#### YOUR INSTRUCTIONS:
Your copy begins at the line with "an aerial view" and runs through the end of the data below. Set down only those lines exactly, without pictures.

Extracted records
-*-*-

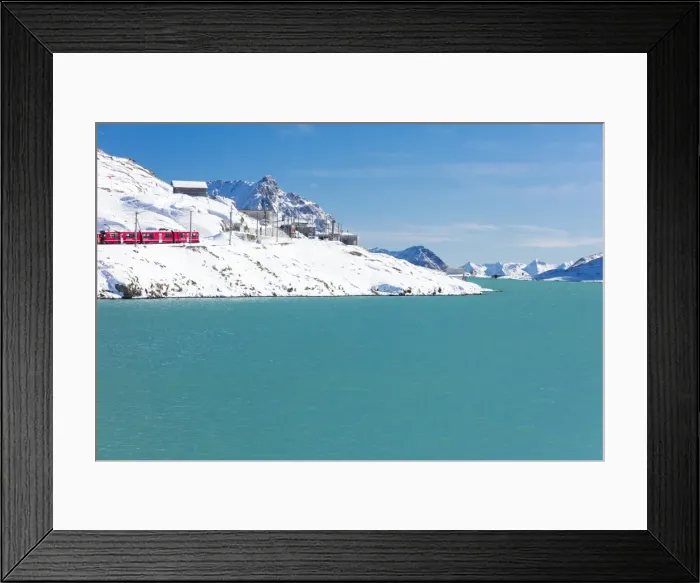 Framed Print : Bernina Express train in the snowy valley surrounded by Lake Bianco, Bernina Pass Framed Print : Bernina Express train in the snowy valley surrounded by Lake Bianco, Bernina Pass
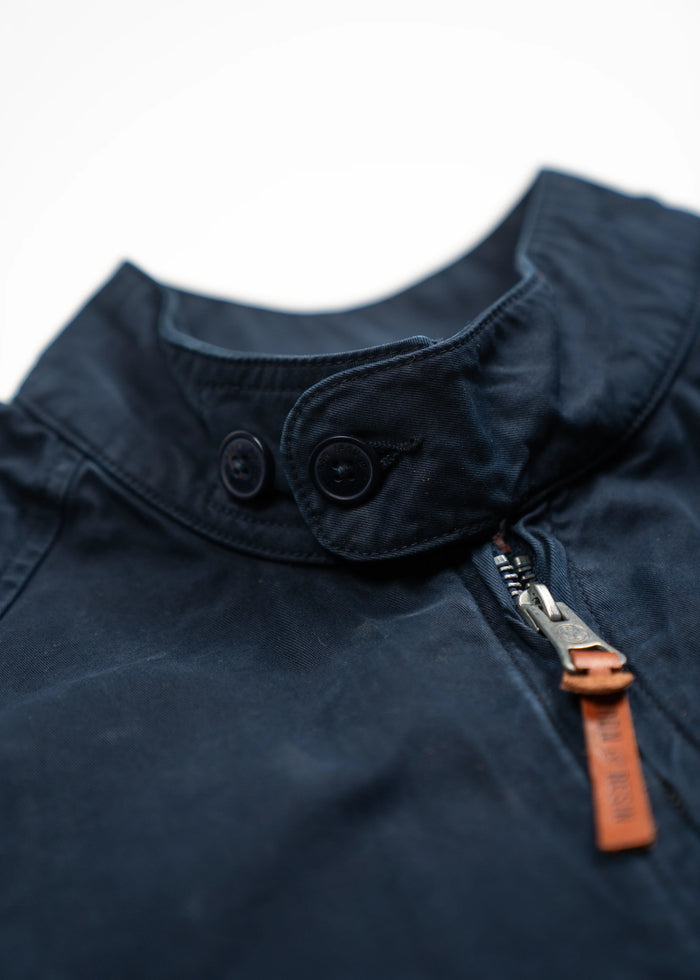 Close-up of a navy jacket collar with buttons and a zipper featuring a brown leather pull tab, highlighting its stylish design.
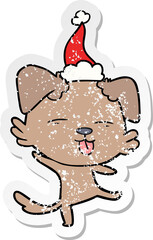 hand drawn distressed sticker cartoon of a dancing dog wearing santa hat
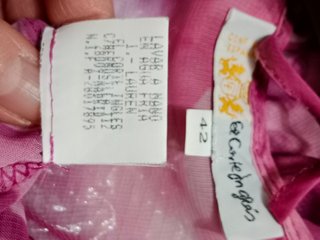 Blusa rosa y morada con volantes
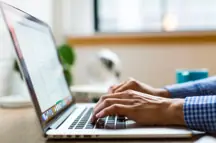 A man at a laptop.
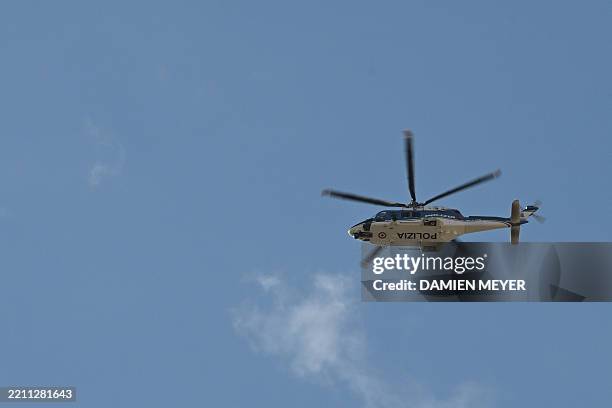 An AW 139 Italian police helicopter flies over Rome, a day prior to the Pope's funeral, on April 25, 2025. The Vatican on April 25 said 150,000...
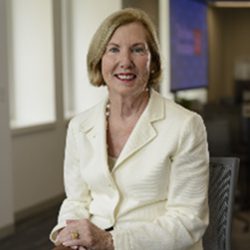 A woman in a white blazer sits smiling in an office. The room is softly lit, creating a warm and professional atmosphere.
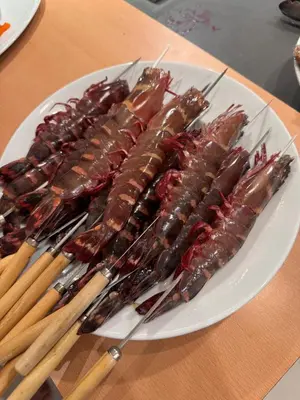 a plate of food on a table with chopsticks at Kamala Beach Front Sea View 6 Bedroom Villa in Kamala Beach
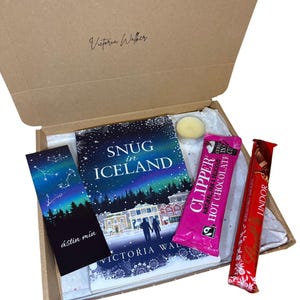 May include: A gift box containing a book titled "Snug in Iceland", a bookmark with a starry sky design, a Clipper hot chocolate packet, a Lindor chocolate bar, and a small candle. The box is brown with the name "Victoria Walker" printed on the inside.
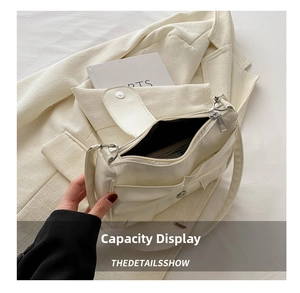 Detail view of the interior capacity of a cream bow handbag holding books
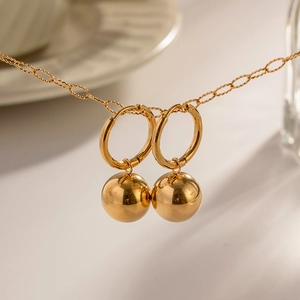 Women's 18K gold stainless steel hoop earrings with sphere pendant in minimalist style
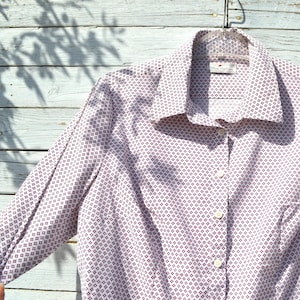 May include: White long-sleeve button-down shirt with a small, repeating geometric pattern in purple.
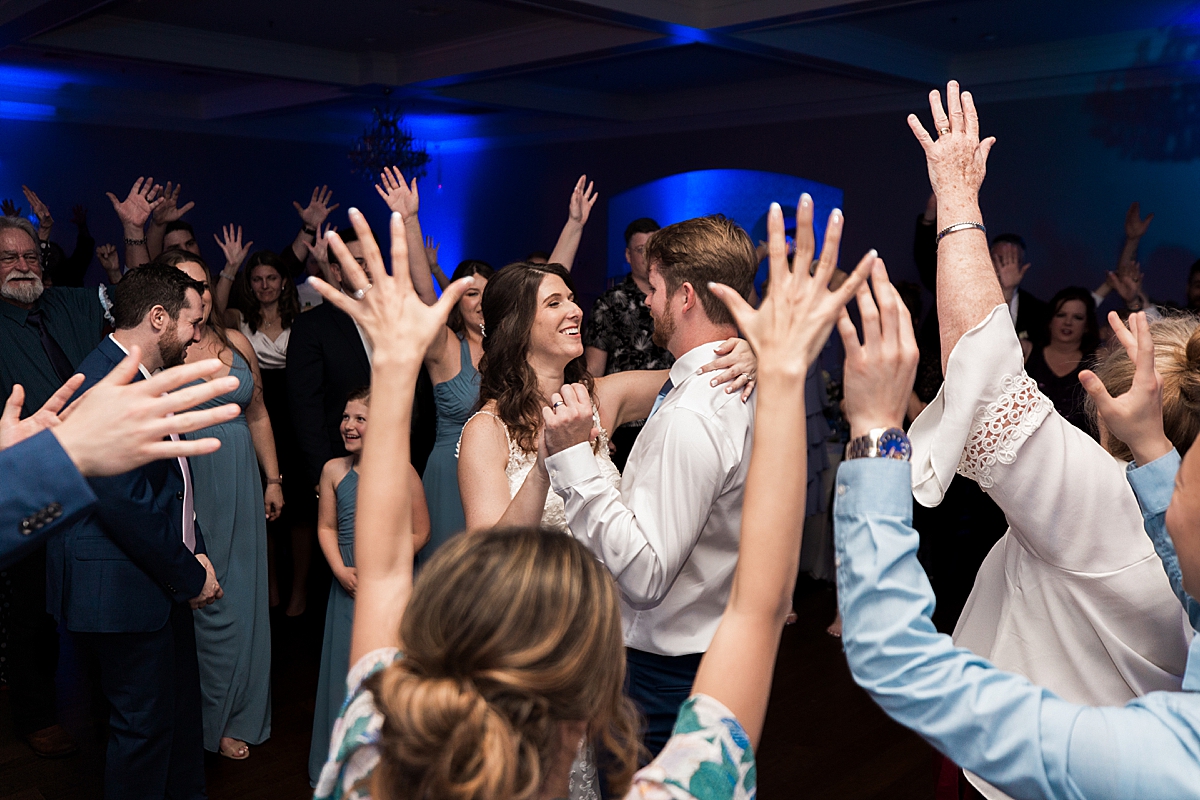 Bride and groom dancing at wedding reception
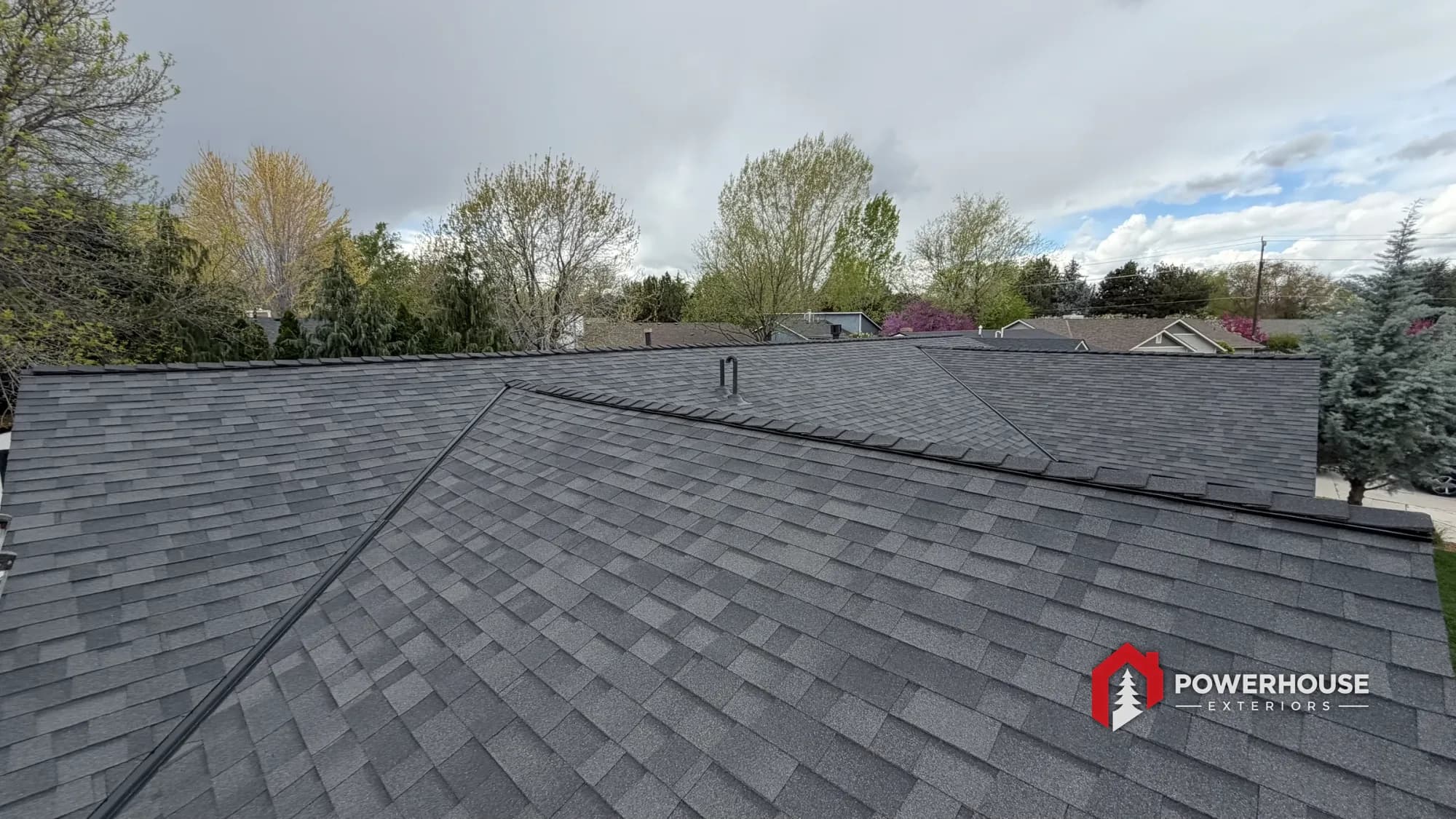 Completed asphalt shingle roof replacement on a Treasure Valley home by PowerHouse Exteriors.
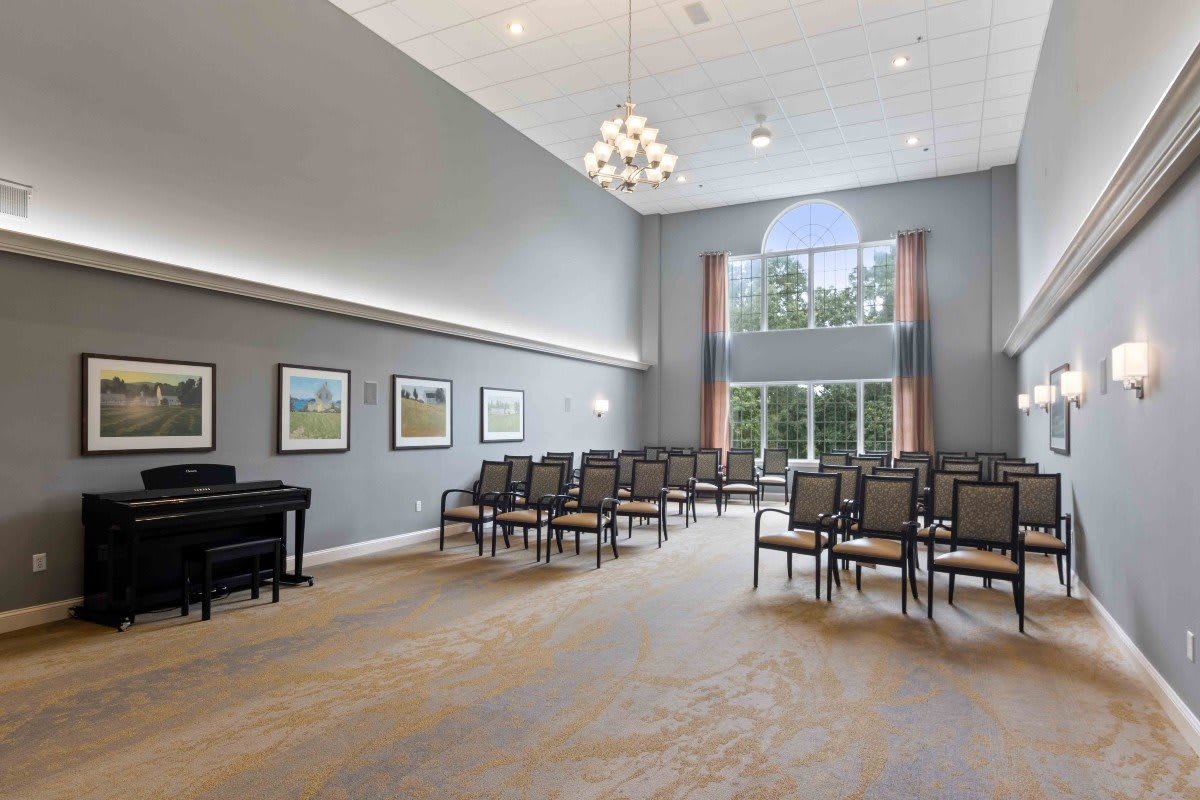 A spacious conference room with neatly arranged chairs, a piano, paintings on the walls, and a large window providing natural light.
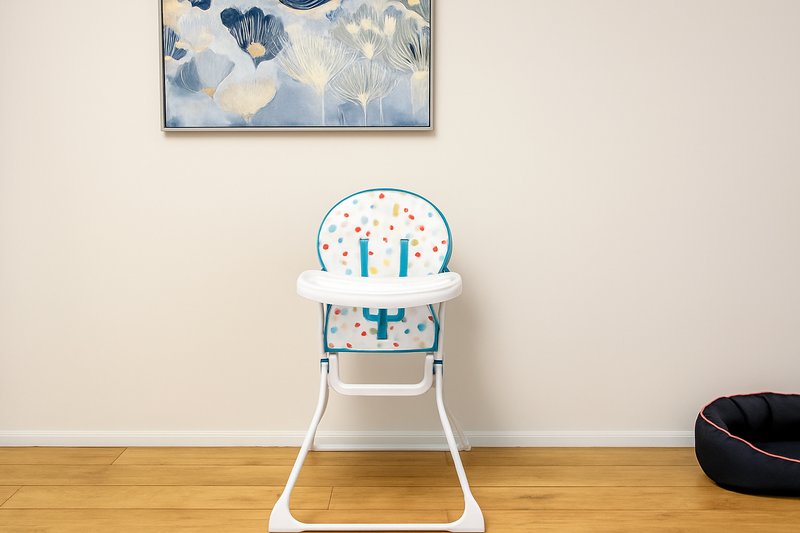 Modern nursery interior with white high chair, framed botanical artwork, wooden floor
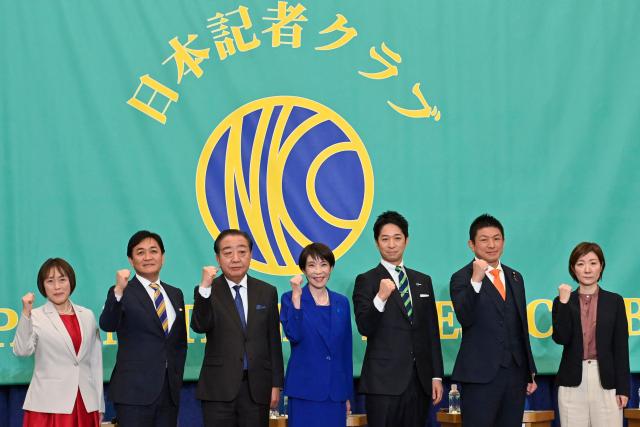 (L-R) Japanese Communist Party Chair Tomoko Tamura, Democratic Party for the People leader Yuichiro Tamaki, Centrist Reform Alliance co-leader Yoshihiko Noda, Liberal Democratic Party President and Prime Minister Sanae Takaichi, Japan Innovation Party co-leader Fumitake Fujita, Sanseito leader Sohei Kamiya, Reiwa Shinsengumi co-leader Akiko Oishi pose during a panel discussion at the Japan National Press Club (JNPC) in Tokyo on January 26, 2026. (Photo by David Mareuil / POOL / AFP)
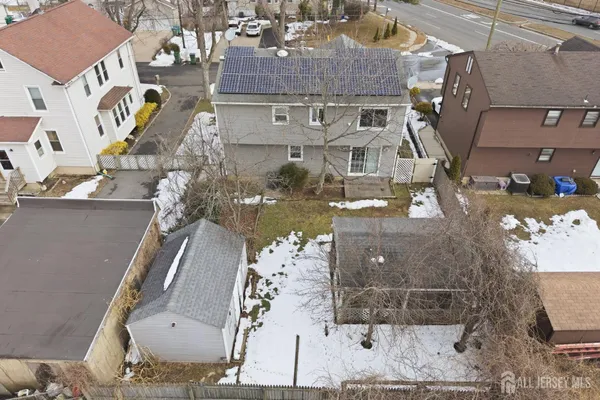 an aerial view of a residential apartment building with a yard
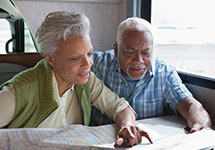 african american man and woman looking at document
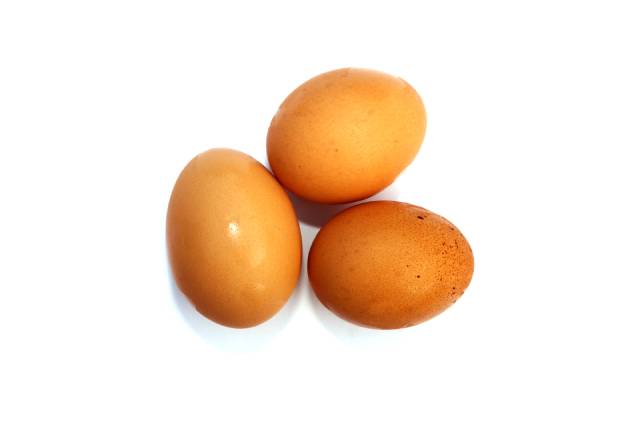 Tres huevos de gallina enteros uno al lado del otro.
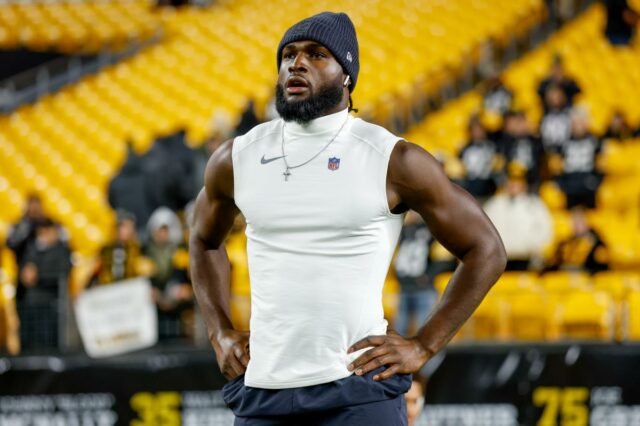 Um jogador de futebol americano vestindo um gorro e uma camisa sem mangas com o logotipo da NFL, com as mãos na cintura, em pé no campo com assentos amarelos ao fundo.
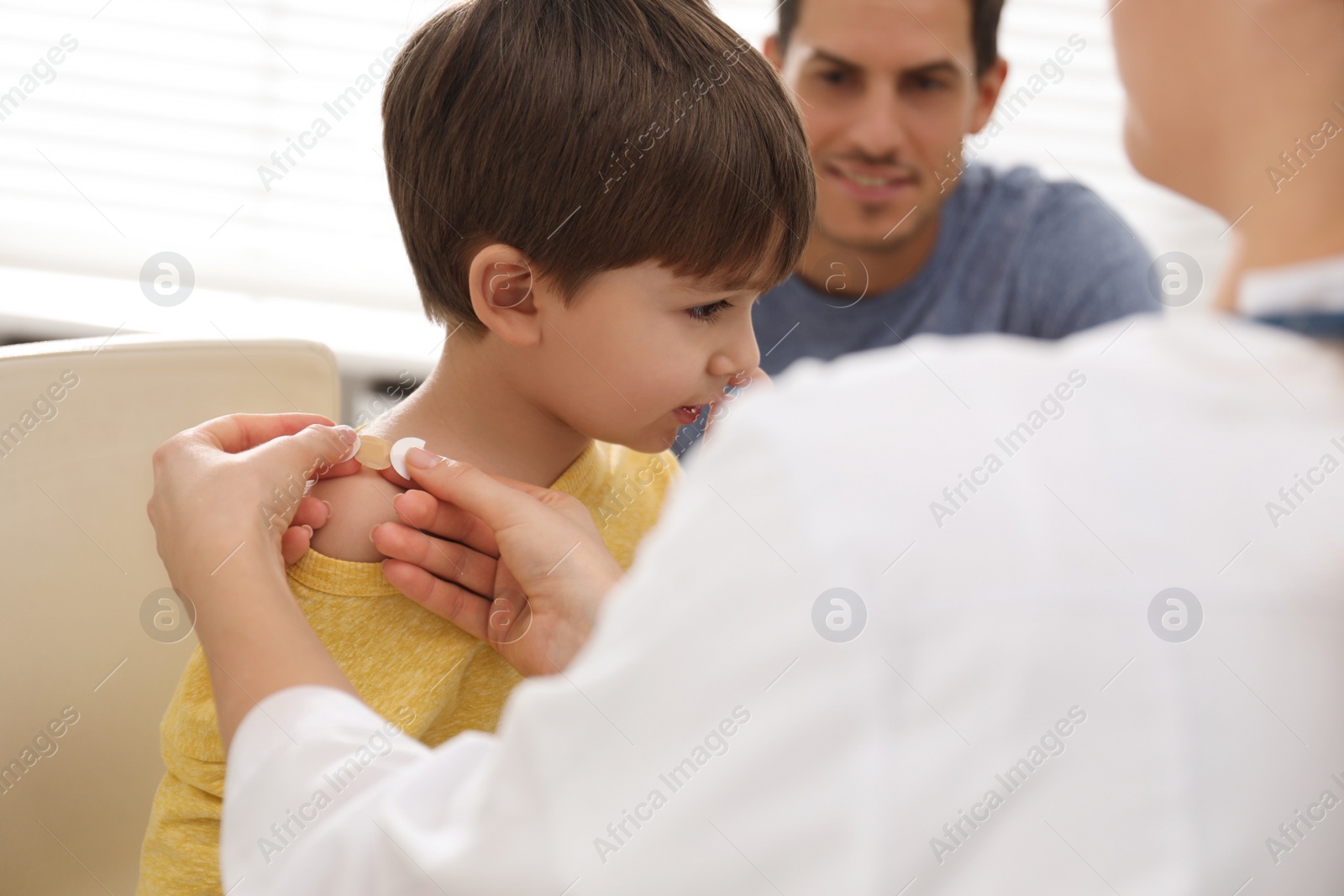 Photo of Doctor putting sticking plaster onto little boy's shoulder indoors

-*-*-

#### OUTPUT:
 an aerial view of a residential apartment building with a yard
 african american man and woman looking at document
 Tres huevos de gallina enteros uno al lado del otro.
 Um jogador de futebol americano vestindo um gorro e uma camisa sem mangas com o logotipo da NFL, com as mãos na cintura, em pé no campo com assentos amarelos ao fundo.
 Photo of Doctor putting sticking plaster onto little boy's shoulder indoors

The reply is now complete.